Dzień za dniem mija tak szybko.. niedługo październik...pierwsze wielkie święto Bartusia-Chrzest Święty..przygotowania idą pełną parą..sala zamówiona,tort tak samo, balony gotowe do nadmuchania helem, ubranko czeka (mam nadzieje że będzie dobre :p), goście poinformowani, ksiądz także..bardzo ważne dla mnie było to aby podczas mszy kiedy odbędzie się chrzest były intencje za dziewczynki..było ciężko ale się udało 💪 nie wszyscy to rozumieją, nie wszystkim to się podoba, ale ja jako matka mam w dupie zdanie innych, jak nie rozumieją, że dziewczynki są dla mnie równie ważne jak młody to już nie moja wina.
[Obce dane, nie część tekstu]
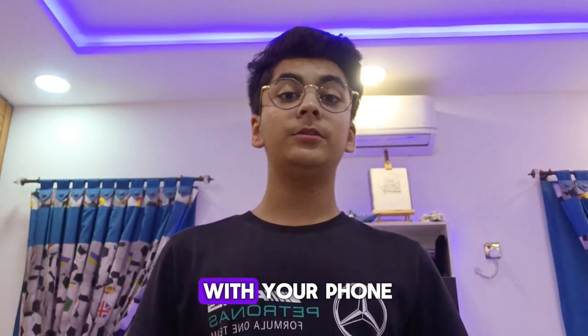How to vlog with your phone. Assalamu guys, how are you all? This is Abdul Rafayh and today I am going to teach you how to vlog with your phone.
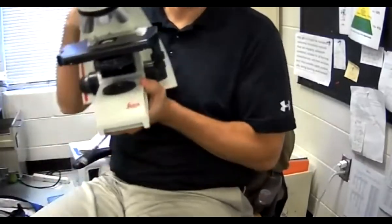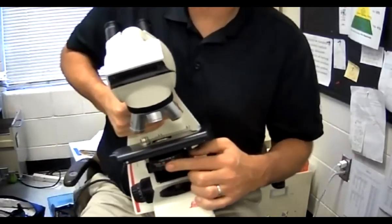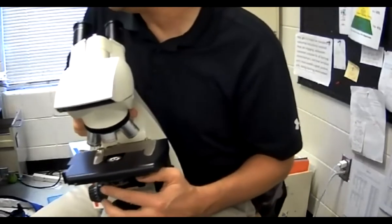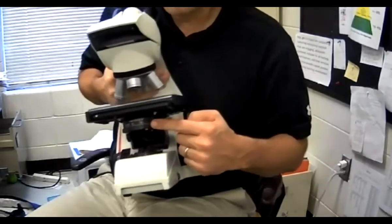This thing down here that's right in the front is called the diaphragm ring. It controls how much light goes in and out. It's called the diaphragm ring.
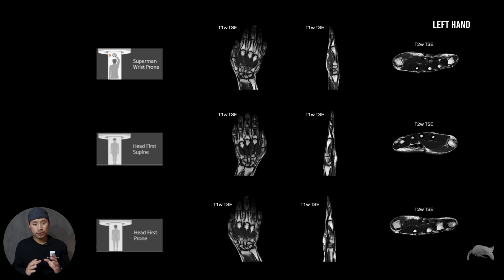The most important thing is that you need to talk to your radiologist about how he or she wants to view the images whenever you are taking images of the hand. At least now you know how the images would turn out. Remember, this is the left hand.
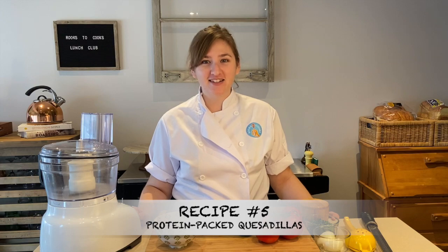Hi everybody, my name is Chef Taylor and welcome back to the Rooks to Cooks lunch club. Today we're going to be making some quesadillas and fresh pico de gallo together, so let's get started.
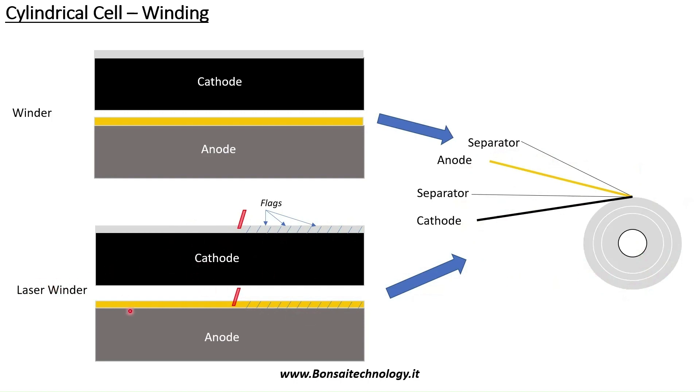Only cathode and anode will pass through the laser cutting system — not the separator. The separator moves directly from the unwinding unit to the winding unit. Just anode and cathode can pass through the laser cutting system, but it's a choice. That means we can have a battery cell without a laser cutting system or a battery cell with one.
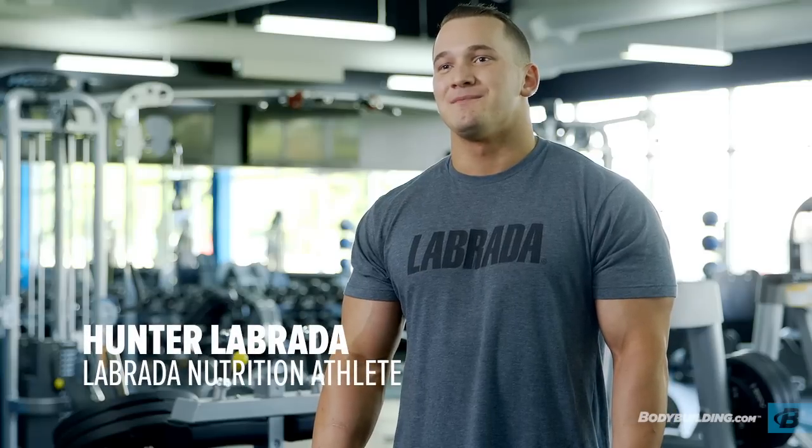Hey guys, Hunter Labrada here. Today I'm going to be taking you through a brutally quick three exercise calf workout. It's going to be high rep, quick paced, and aimed at maximum hypertrophy.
Mam nadzieję,że to będzie piękny,rodzinny dzień. M ma dzień po chrzcinach urodziny, następnie 29.10 mamy 6 rocznicę ślubu..imprezowy będzie ten październik...a później listopad...miesiąc, w którym całą sobą tęsknię za każdą córeczką bardziej...już teraz zastanawiam się jak i co im kupić, aby miały pięknie na pomniczku jest to dla mnie przeogromnie ważne..kiedyś ktoś mi powiedział,że robię tam przepych...serio? Bo postawię maskotkę, kwiatki i misie? Czasami brak mi słów na ludzką głupotę. Ludzie myślą, że jak jest Bartek to zapomniałam o jego siostrach, a to jakże coś mylnego...większość nie rozumie, że walczę z depresją, z samą sobą,aby nie płakać widząc co mnie ominęło i csrgo nigdy nie doświadczę...ludzie myślą,że czas leczy rany i gdy już jest żywe dziecko to zapomina się o przeszłości...ale już nawrt tłumaczyć mi się nie chce..są osoby,które razem ze mną pamiętają i jestem im za to przeogromnie wdzięczna..nawet podczas spotkania z małym kawalerem jedna z koleżanek (suma sumarum z tego forum) nie zapomniała także o dziewczynkach..tak, tak o Tobie piszę ❤ Ty tego nie wiesz, ale po Twoim wyjściu łzy mi ze szczęścia leciały patrząc na aniołka;) bo takie właśnie małe, proste gesty sprawiają, że człowiekowi lżej na sercu. Dziękuję ❤
J,P,G mamusia kocha każdą z Was przeogromną miłością,miłością która przezwyciężyła śmierć. 🤍🤍🤍
Bartuś aktualnie śpi w wózku w najlepsze już drugą godzinę a matka na dworzu juz się trzęsie z zimna ale oczywiście szkoda mi go obudzić bo zaczyna ząbkować i jak tylko się obudzi to znowu będzie pewnie płacz..:(

7 października 2022, 09:46

Od wczoraj Bartek jest na samym mm a ja...czuję się "wolna". W końcu nie muszę uważać na to co jem, mogę bez wyrzutów sumienia napić się kakao i zjeść jogurt jakie to cudowne uczucie! :D tym bardziej że ja uwielbiam jeść :p przerzucenie małego na mm to była moja decyzja bo pokarm mam i bez problemu bym go wykarmiła choć podczas miesiączki smak się zmienia i jadł topornie, ale jadł.
Powoli szykuję się do 01.11.. 💔💔💔 oczywiście już wysłuchuję że mam nie iść na mszę bo jest Bartek żeby nie był chory itp... i znowu wychodzę na najgorszą gdy mówię że nikt nie będzie układał mi życia i nie ma możliwości aby nas nie było w tym dniu u dziewczynek. Owszem gdyby mały był chory to zostanie w domu z M ale jak będzie zdrowy to do wózka cieplutko ubrany i nie widzę w ttm problemu :)
Dzisiaj zapowiada się piękny dzień, piękna pogoda. Uciekamy korzystać z ostatnich ciepłych dnia! Ściskamy wszystkie e-ciocie❤

15 października 2022, 09:22

15.10 - dzień Dziecka Utraconego...
Obchodzę go już 5 rok... 💔
Już 5 lat nie ma J..
Już 4 lata nie ma P..
Już 2 lata nie ma G..
W takich chwilach, dniach.. mam po prostu wszystkiego dość :( chciałabym się zaszyć gdzieś głęboko,skulić w kuleczkę i po prostu zasnąć...nie myśleć...
Mamusia kocha Was codziennie tak samo..mimo upływu lat ból nie mija...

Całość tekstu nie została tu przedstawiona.